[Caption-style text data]
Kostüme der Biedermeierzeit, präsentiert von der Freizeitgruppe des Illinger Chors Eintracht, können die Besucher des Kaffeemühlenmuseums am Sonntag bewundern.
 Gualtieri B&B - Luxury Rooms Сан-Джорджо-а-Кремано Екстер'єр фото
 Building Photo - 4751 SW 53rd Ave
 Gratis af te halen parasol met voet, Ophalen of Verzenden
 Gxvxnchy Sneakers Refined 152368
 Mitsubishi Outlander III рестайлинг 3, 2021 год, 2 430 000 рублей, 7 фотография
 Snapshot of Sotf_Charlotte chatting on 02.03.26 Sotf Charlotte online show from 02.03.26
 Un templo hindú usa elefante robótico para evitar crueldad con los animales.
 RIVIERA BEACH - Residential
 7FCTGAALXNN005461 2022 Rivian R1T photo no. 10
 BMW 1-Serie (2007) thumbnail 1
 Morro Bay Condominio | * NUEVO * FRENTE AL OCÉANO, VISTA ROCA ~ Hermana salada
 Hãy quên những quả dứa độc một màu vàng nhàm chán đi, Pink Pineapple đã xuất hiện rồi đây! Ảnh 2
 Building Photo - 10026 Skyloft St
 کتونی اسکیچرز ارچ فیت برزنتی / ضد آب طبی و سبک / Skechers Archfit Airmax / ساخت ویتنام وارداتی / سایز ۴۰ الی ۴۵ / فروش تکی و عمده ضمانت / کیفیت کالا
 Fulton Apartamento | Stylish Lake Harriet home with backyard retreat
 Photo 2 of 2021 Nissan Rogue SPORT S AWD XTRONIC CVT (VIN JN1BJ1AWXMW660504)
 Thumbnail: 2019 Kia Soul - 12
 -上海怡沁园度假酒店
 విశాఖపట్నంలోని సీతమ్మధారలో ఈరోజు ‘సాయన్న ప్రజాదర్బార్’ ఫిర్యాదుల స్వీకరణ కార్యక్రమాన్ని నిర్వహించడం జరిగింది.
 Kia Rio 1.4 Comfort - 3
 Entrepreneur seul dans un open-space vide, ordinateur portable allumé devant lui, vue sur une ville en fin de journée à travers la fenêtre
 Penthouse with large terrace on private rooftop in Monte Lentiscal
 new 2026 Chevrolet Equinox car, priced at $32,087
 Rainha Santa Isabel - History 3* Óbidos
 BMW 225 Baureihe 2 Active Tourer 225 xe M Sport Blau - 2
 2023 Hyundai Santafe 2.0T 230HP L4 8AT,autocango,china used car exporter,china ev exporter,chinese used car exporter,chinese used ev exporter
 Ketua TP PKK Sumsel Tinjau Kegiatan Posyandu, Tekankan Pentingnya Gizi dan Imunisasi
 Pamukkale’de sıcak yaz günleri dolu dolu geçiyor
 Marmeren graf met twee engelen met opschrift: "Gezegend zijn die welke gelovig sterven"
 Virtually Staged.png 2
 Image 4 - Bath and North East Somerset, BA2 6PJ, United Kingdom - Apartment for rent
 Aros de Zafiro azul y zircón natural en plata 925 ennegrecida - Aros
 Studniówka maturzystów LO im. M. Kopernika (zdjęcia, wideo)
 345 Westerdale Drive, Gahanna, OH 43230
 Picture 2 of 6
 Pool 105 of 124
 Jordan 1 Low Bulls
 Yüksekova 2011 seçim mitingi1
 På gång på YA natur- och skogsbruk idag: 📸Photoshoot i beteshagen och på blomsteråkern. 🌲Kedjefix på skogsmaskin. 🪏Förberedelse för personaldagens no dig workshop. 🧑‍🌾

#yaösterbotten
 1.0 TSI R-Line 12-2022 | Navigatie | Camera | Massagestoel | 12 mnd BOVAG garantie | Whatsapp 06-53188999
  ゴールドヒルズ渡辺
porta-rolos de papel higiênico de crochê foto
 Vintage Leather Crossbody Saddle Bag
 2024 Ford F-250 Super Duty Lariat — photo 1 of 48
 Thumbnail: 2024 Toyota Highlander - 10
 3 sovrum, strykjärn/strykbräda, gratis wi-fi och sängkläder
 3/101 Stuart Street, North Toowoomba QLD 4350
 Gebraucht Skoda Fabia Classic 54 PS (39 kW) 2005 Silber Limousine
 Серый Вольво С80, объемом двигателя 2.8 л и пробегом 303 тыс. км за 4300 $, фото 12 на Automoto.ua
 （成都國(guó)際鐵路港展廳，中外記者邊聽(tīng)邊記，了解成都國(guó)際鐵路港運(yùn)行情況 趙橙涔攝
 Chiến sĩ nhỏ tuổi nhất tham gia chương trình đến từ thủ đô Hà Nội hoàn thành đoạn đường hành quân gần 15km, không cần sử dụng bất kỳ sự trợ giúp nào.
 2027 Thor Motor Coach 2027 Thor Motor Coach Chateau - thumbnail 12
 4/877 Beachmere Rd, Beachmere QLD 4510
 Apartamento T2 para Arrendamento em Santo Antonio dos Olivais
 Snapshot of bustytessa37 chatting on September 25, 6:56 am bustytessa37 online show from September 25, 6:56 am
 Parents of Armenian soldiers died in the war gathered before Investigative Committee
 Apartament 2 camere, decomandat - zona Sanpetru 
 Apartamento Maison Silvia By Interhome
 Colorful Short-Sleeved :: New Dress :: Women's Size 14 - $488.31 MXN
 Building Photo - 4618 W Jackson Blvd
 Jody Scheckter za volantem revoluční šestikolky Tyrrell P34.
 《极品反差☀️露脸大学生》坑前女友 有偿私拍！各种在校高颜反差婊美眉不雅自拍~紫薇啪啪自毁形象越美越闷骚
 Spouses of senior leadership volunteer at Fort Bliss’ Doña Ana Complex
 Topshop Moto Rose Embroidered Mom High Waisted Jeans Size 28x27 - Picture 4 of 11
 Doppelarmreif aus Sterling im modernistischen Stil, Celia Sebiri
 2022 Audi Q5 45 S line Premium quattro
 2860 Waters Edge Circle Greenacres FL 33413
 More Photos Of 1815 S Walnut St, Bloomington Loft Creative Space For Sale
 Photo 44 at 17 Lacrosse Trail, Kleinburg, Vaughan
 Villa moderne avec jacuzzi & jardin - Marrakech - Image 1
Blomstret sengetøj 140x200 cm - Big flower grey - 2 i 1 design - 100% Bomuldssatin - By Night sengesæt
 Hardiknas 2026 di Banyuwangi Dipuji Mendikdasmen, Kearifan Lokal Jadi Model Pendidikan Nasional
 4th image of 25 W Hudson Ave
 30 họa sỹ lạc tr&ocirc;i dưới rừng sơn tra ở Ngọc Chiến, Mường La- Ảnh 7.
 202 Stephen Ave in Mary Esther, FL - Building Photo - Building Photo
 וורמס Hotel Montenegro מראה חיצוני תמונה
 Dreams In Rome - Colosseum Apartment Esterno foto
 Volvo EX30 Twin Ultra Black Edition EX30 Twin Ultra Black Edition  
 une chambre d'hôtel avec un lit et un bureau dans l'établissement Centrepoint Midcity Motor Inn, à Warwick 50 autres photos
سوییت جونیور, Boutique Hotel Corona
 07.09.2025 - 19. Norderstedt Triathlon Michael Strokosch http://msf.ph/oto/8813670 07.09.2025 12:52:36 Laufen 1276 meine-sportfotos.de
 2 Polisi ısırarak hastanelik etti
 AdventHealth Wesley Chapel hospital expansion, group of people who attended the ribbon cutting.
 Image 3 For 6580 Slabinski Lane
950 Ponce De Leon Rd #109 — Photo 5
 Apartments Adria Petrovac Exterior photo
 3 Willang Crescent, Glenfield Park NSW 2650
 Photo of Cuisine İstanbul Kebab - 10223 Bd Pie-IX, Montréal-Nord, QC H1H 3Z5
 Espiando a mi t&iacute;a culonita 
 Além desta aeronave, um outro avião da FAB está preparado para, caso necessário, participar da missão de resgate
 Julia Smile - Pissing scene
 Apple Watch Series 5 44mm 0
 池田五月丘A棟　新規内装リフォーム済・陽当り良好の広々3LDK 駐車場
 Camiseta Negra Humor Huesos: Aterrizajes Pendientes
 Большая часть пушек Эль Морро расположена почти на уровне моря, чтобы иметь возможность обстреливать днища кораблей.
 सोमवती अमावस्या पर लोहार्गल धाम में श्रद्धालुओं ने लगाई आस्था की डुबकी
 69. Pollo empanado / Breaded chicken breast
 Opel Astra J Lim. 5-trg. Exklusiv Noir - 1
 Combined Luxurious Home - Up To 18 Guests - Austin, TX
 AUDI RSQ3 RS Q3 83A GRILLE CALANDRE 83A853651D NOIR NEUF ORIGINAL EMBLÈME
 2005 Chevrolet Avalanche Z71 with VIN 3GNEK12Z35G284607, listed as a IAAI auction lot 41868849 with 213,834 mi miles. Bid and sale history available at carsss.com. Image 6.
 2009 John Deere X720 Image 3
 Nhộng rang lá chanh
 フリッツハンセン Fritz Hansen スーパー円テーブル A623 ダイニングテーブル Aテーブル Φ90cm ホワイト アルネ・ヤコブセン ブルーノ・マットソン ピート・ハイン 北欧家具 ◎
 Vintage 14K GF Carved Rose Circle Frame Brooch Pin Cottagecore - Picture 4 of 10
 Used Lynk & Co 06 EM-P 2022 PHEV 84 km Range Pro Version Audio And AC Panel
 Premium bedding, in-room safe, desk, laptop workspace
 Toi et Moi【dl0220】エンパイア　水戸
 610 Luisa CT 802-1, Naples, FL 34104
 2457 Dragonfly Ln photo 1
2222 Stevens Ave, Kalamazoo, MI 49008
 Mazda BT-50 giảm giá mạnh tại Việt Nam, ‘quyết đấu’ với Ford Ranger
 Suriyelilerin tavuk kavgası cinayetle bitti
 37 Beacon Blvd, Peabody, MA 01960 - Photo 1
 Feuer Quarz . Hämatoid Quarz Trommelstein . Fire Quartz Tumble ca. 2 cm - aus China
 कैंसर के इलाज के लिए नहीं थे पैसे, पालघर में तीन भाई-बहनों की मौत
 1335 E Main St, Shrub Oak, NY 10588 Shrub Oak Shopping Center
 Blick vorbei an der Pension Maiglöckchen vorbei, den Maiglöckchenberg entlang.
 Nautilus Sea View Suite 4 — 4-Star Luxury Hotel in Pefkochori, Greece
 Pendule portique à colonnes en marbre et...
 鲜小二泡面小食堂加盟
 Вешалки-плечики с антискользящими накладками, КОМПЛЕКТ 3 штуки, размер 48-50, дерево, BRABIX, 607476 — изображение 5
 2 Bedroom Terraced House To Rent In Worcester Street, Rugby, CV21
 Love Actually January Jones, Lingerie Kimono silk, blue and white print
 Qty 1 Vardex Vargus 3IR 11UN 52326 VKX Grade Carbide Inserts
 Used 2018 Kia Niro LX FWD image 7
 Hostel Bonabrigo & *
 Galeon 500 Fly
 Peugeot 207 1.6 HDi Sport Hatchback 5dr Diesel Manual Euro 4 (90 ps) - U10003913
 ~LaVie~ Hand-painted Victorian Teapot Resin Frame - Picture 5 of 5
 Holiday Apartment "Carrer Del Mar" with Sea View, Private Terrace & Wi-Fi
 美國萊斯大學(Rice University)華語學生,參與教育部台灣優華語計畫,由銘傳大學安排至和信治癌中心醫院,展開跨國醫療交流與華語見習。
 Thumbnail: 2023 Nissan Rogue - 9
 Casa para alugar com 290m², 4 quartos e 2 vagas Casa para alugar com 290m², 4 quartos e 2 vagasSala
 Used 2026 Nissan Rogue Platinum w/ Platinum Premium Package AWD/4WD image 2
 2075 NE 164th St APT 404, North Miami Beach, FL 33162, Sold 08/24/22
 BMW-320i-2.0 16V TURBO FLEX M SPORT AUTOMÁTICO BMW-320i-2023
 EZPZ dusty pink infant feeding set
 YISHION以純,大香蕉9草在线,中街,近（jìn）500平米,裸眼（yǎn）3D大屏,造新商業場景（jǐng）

■ **Task to carry out**: Transcribe the records above exactly, beginning at the line that contains "Vintage 14K GF" and ending with the line that contains "Feuer Quarz .", both included, and nothing else.

■ **Reply to the exercise**:
 Vintage 14K GF Carved Rose Circle Frame Brooch Pin Cottagecore - Picture 4 of 10
 Used Lynk & Co 06 EM-P 2022 PHEV 84 km Range Pro Version Audio And AC Panel
 Premium bedding, in-room safe, desk, laptop workspace
 Toi et Moi【dl0220】エンパイア　水戸
 610 Luisa CT 802-1, Naples, FL 34104
 2457 Dragonfly Ln photo 1
2222 Stevens Ave, Kalamazoo, MI 49008
 Mazda BT-50 giảm giá mạnh tại Việt Nam, ‘quyết đấu’ với Ford Ranger
 Suriyelilerin tavuk kavgası cinayetle bitti
 37 Beacon Blvd, Peabody, MA 01960 - Photo 1
 Feuer Quarz . Hämatoid Quarz Trommelstein . Fire Quartz Tumble ca. 2 cm - aus China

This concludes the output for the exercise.